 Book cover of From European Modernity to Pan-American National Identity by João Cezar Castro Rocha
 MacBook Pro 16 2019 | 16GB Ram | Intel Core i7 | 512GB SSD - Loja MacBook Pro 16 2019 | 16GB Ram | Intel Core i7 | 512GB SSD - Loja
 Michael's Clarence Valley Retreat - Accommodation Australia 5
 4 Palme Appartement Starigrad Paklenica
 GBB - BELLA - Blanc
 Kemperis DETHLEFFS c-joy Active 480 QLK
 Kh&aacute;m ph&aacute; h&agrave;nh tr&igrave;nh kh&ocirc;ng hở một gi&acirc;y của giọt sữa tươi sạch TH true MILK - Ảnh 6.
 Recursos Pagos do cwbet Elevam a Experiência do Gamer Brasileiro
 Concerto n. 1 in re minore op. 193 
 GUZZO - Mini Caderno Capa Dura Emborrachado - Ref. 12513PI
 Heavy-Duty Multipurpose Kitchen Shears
==
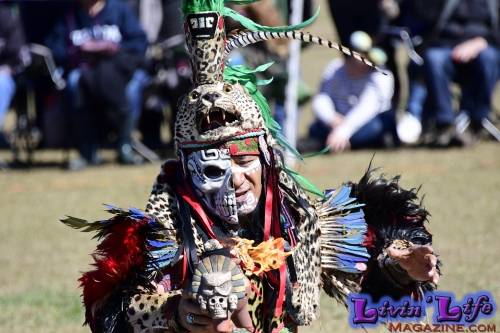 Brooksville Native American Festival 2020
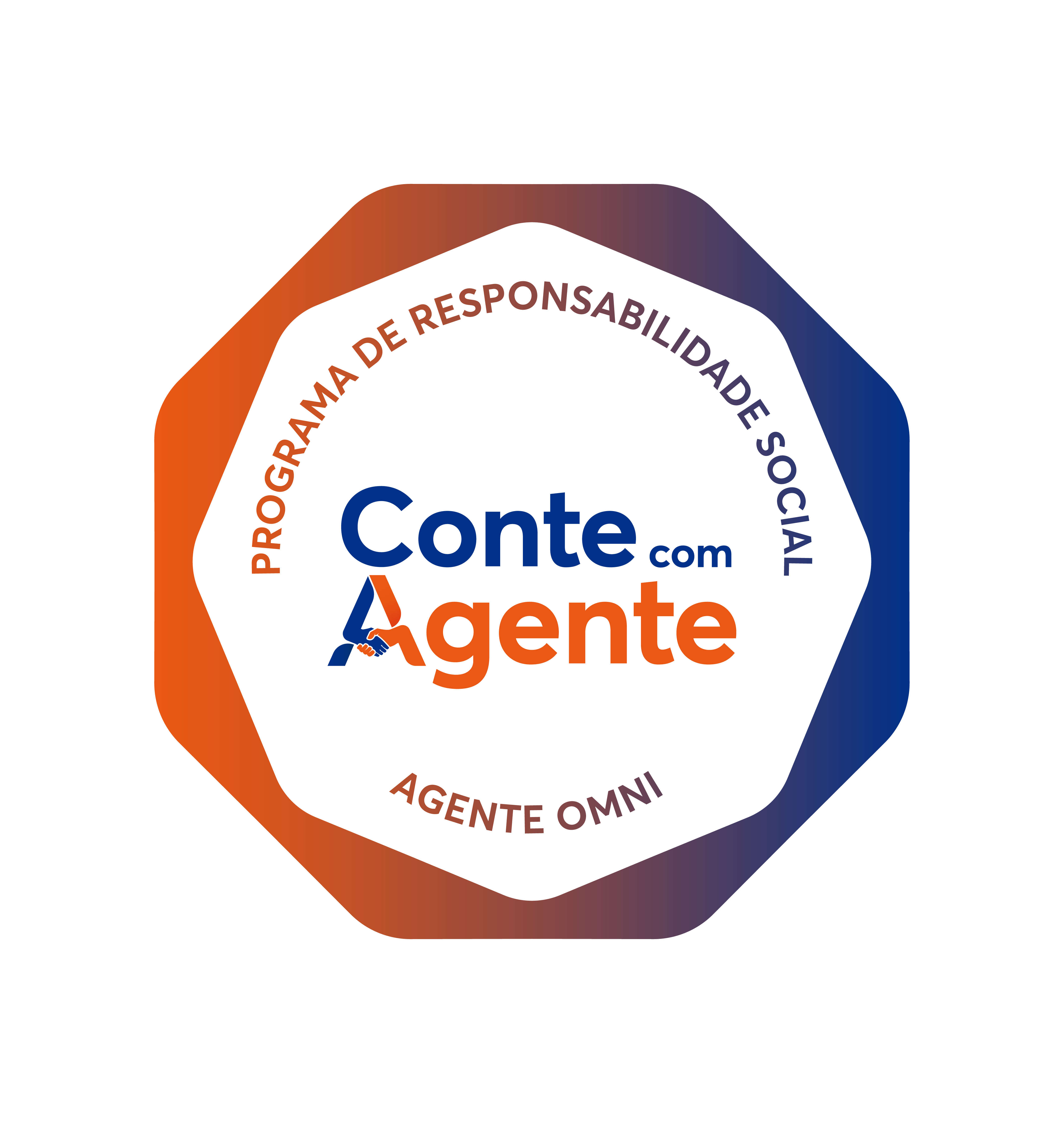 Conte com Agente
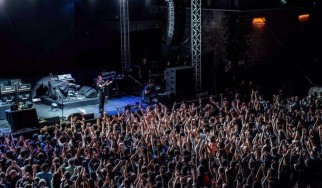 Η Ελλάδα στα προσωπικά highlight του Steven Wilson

Task prompt
Copy the lines above exactly, beginning at the line that has "- Loja MacBook" and stopping after the line that has "Recursos Pagos do", and omit the rest.

Exercise solution
 MacBook Pro 16 2019 | 16GB Ram | Intel Core i7 | 512GB SSD - Loja MacBook Pro 16 2019 | 16GB Ram | Intel Core i7 | 512GB SSD - Loja
 Michael's Clarence Valley Retreat - Accommodation Australia 5
 4 Palme Appartement Starigrad Paklenica
 GBB - BELLA - Blanc
 Kemperis DETHLEFFS c-joy Active 480 QLK
 Kh&aacute;m ph&aacute; h&agrave;nh tr&igrave;nh kh&ocirc;ng hở một gi&acirc;y của giọt sữa tươi sạch TH true MILK - Ảnh 6.
 Recursos Pagos do cwbet Elevam a Experiência do Gamer Brasileiro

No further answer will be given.